After doing three short triathlons last year — each with a total distance no greater than 33 miles — Varga started training in September 2002 to take on the Ironman distance this summer.
“There’s no reason to take small steps,” he said of his move from the short races to the granddaddy of them all.
Varga is proof that great things can be accomplished by ordinary people. Having first seen an Ironman on television when he was in junior high school, actually doing the race has been a longtime fantasy. A swimmer in high school and college and later an assistant swim coach at the United States Olympic Training Center, Varga had little running or bicycling experience until last summer.
This summer, he put much of his energy and almost all of his free time into training, taking Sunday mornings to run up to 20 miles at a shot with island running buddies, swimming laps around Deer Lake, and any opportunity he could to wander into the countryside for four or five hours on a bicycle.
Though much of this work was done in a solitary way, Varga was hardly alone on race day. Several Whidbey triathletes and Varga’s wife, Rachel, travelled to Pentictin to watch the race, which came within hours of being cancelled due to the advance of forest fires around the town. At the same time, most of his training partners were at home monitoring his times and progress online through the Ironman Canada Web site. Even his co-workers at PCC Markets in Seattle had him on their minds that day.

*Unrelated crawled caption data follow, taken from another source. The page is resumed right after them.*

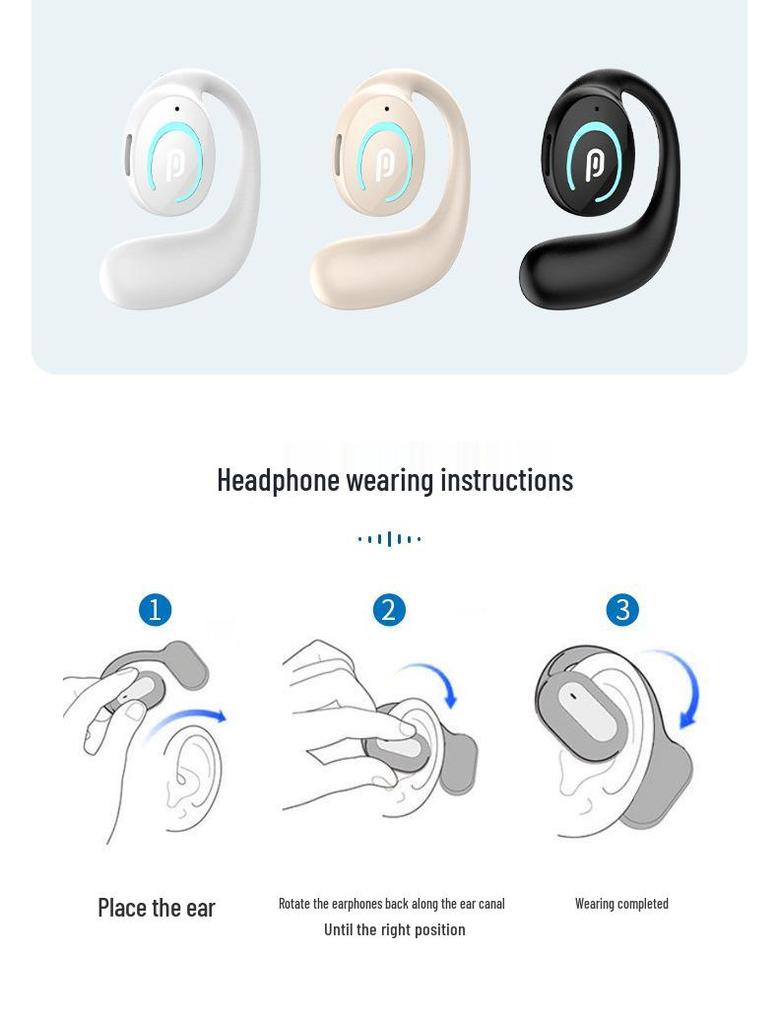 Mini Clip-On Bluetooth 5.3 Sport Earbuds - Single Ear, Noise Cancelling, In-Ear Design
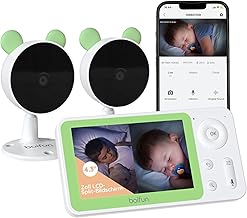 BOIFUN Baby Monitor with 2 Cameras, Night Vision with Dual Remote Control and Digital Video Recorder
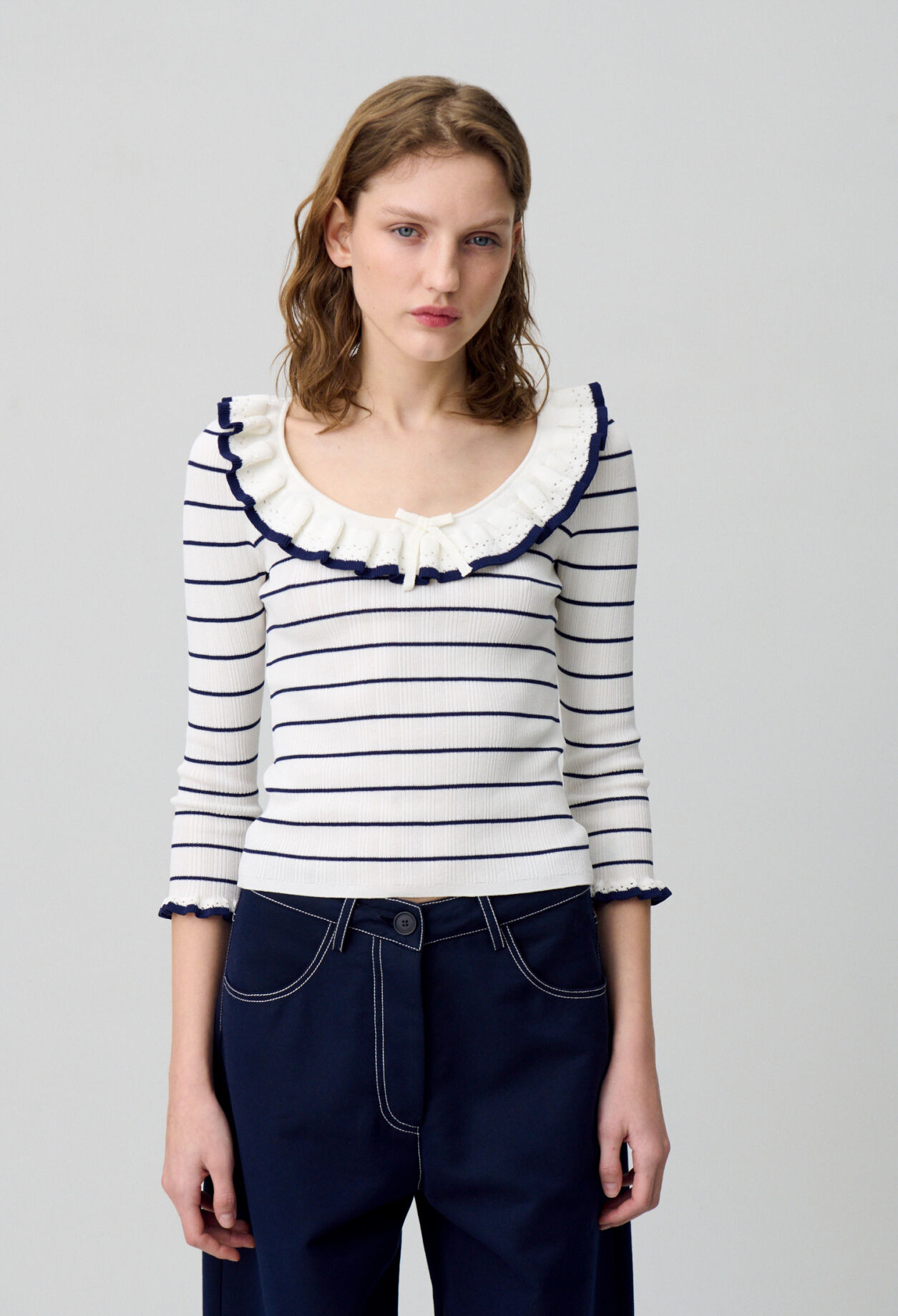 Striped frill knit top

Going into the race with the primary goal of finishing, Varga also had a goal time of 12 hours or less to go after. Coming out of a lake swim that included six 90-degree turns, Varga noted that his time — 58 minutes, 32 seconds — was well within his target range. By the time he’d ridden a few miles on the bike, he knew he was in the middle of a good race. He averaged slightly over 20 mph for the entire ride.
Though tightness and pain in his knee tendons slowed him on the run, his 4-hour, 6-minute marathon was still fast enough to bring him across the finish line in 10 hours, 41 minutes. It was also enough to relieve the pressure he had felt as dozens of friends raced vicariously with him.
“It was tough,” he said of carrying the expectations of his training partners with him.
Just as tough was the look and smell of the race course. Smoke from the forest fires cut visibility to about six blocks and boxed competitors into a multiple-loop running course — the longer, non-looping course normally run at the race could not be maintained since the firefighters who normally man the course were off fighting fires.
Varga said there was no way to forget that he was in a fire zone.
“It smelled like a campfire all the time,” he said.
Varga is the fourth South Whidbey triathlete to compete at the Ironman distance. Last year, Curt Gordon raced at the Ironman world championship in Hawaii. Brandon Henry and three-time Whidbey Island Triathlon champion Peter Oakley have also completed Ironman races.
Already signed up to race his second Ironman in Coeur d’Alene, Idaho, early next summer, Varga said he’s grateful that his race came off as smoothly as it did.
“I didn’t want to dread the second one before I finished the first one,” he said.